» DATASET RECORDS:
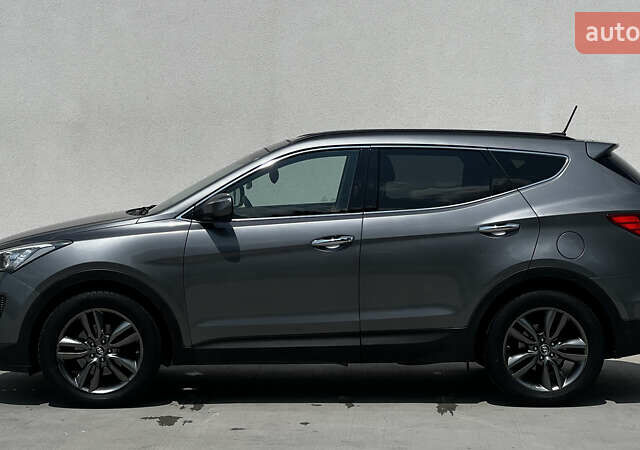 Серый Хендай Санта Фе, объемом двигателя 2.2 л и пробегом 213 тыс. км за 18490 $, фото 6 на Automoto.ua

...

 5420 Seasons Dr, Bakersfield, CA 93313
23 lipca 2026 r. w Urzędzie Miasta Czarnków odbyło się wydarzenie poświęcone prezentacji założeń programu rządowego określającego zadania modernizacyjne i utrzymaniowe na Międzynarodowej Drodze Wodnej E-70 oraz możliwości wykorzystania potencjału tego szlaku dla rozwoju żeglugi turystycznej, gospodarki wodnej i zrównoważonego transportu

» WHAT NEEDS TO BE DONE: Reprint exactly the lines above that start at the one with "5420 Seasons Dr, Bakersfield, CA 93313" and end at the one with "23 lipca 2026", keeping both and adding none.

» YOUR RESPONSE:
 5420 Seasons Dr, Bakersfield, CA 93313
23 lipca 2026 r. w Urzędzie Miasta Czarnków odbyło się wydarzenie poświęcone prezentacji założeń programu rządowego określającego zadania modernizacyjne i utrzymaniowe na Międzynarodowej Drodze Wodnej E-70 oraz możliwości wykorzystania potencjału tego szlaku dla rozwoju żeglugi turystycznej, gospodarki wodnej i zrównoważonego transportu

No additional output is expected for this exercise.